I've only recently started doing 'proper' public speaking myself, after a varied history in acting, improvisation, coding and a failed attempt at student politics. It's a lot of fun, and my sort-of-plan is to get the rest of the year's gigs under my belt and then see if I feel confident/ready to charge, as I'm not being paid (just expenses covered) so far. To be honest, though, if I get a conference ticket and expenses out of it, that's fine for me right now..


Did anyone else wish the author just stuck with talking about public speaking than all the other issues he tries to play off of(ie. clean water)? I gained insights that I enjoyed but it didn't have to be this long and convoluted. Then again, may be he is just proving his point about public speakers:)


It's a sample chapter from his book, not a blog post, so the content will differ from most online articles.


I have to admit I wouldn't read that book if that's indicative of the general content and tone.

I hate how these days it's wrong to just write solid non-fiction without wrapping it in some vacuous story. Yes, illustrate your point, but make it relevant rather than just flowery words to make it more "readable and approachable."

Bah, I say.


I agree, extremely annoying. I just skipped to the last sentence in every paragraph.


The author's angle seems twisted and disturbing yet he's also describing a somewhat twisted and disturbing world...


Whenever I give talks (2 or 3 sizable tech talks a year), I practice... a LOT. Like, go through the full, whole talk at least 15 times in its polished final form. If you count the more exploratory earlier practices, I think it's more than 30 or 40 practices, every talk.

So far I've only ever been paid a portion of travel expenses, which is why I don't practice more (honestly, I think practicing the final version only 15 times is kind of lazy). At $5,000 a gig... I think in the end I'd still be making a bit less per hour than I do programming, because I'd practice a lot more. The good thing is that I could suddenly afford to take the time to practice more :)

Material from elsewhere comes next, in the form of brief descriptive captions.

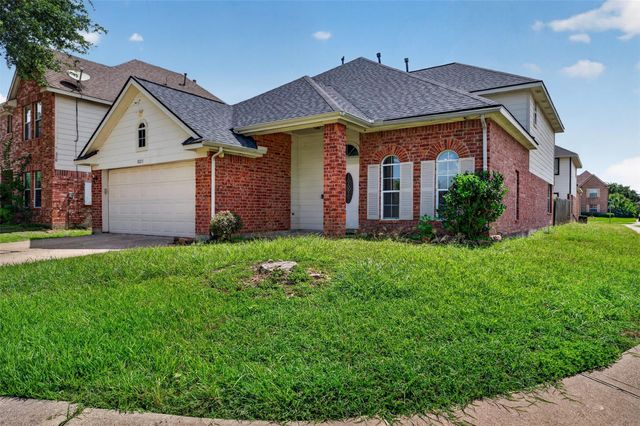 8023 Beech Meadow Lane, Houston, TX 77083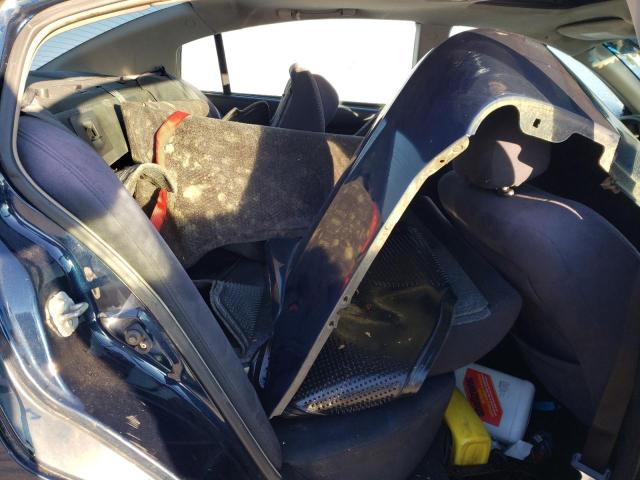 Photo 10 from auction – 2005 NISSAN ALTIMA S with VIN 1N4AL11D35C234180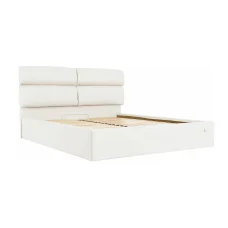 Bed Oxford 160x200, white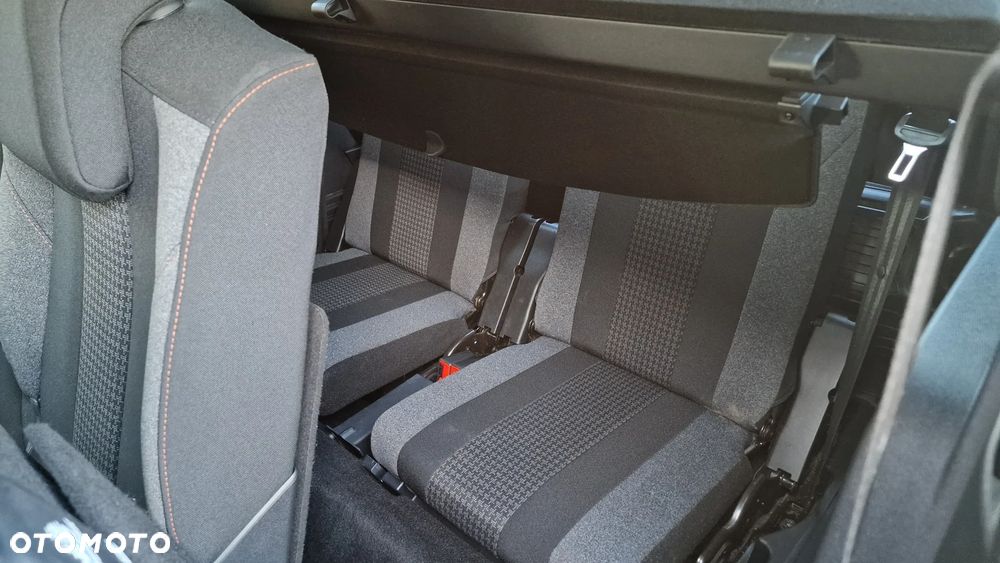 Peugeot 5008 BlueHDI 120 Stop & Start Allure - 22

Wow, that's a lot of practices.

I generally go by Damian Conway's rule of thumb: 10 hours preparation time for every hour of talking, or 20 hours prep if it's a difficult talk. I make sure the preparation includes at least one full run through (out loud in an empty room, usually my hotel room) with plenty of time to spare to fix things that inevitably come up. I'll do another run through once I've made the changes.


I rarely give talks but I find it difficult to do a full talk-through as prep as I don't have the adrenaline buzz and can't put the enthusiasm into speaking to a wall that I do when talking to people. Any tips? I'm a very nervous speaker!


But if you speak professionally, you wouldn't have to write a new speech every time. Just reuse most or portions of other speeches to cut down on prep time.


I'd never heard of this guy or his speaking, so I looked around for something. Here's a 1-hour lecture on innovation, that is at least quite entertaining, and possibly informative:

http://www.youtube.com/watch?v=amt3ag2BaKc


Interesting how you can watch him for free on Youtube or for $50 or $500 dollars in person.

I watch five minutes of him on his site. He indeed seems like a good though perhaps hyper-aggressive speaker.


I just spent the morning reading this book through O'Reilly's Safari access. It is absolutely brilliant and is up there with Presentation Zen and Slideology as 'must have' books if you're a speaker.

Here's the thing though - despite Scott's best efforts, I don't think this book helps you if you're not already a speaker or somehow interested in speaking. But if you are one or someone like me who enjoys it and is looking to polish 'the craft' this is great. Scott notices a lot of patterns, some of which I do unconsciously and never noticed before.

Highly recommended.


Thanks for the recommendation. Due to this sample chapter and recently getting a Kindle, I now own the book... this is too easy :(

(Or not due to 'copyright issues' - WTF. Phew. The point about it being too easy still stands.)


I've been to a few conferences with Scott and watched a few presentations. Stand up guy.

He is one of the best out there, excited to see the rest of the book.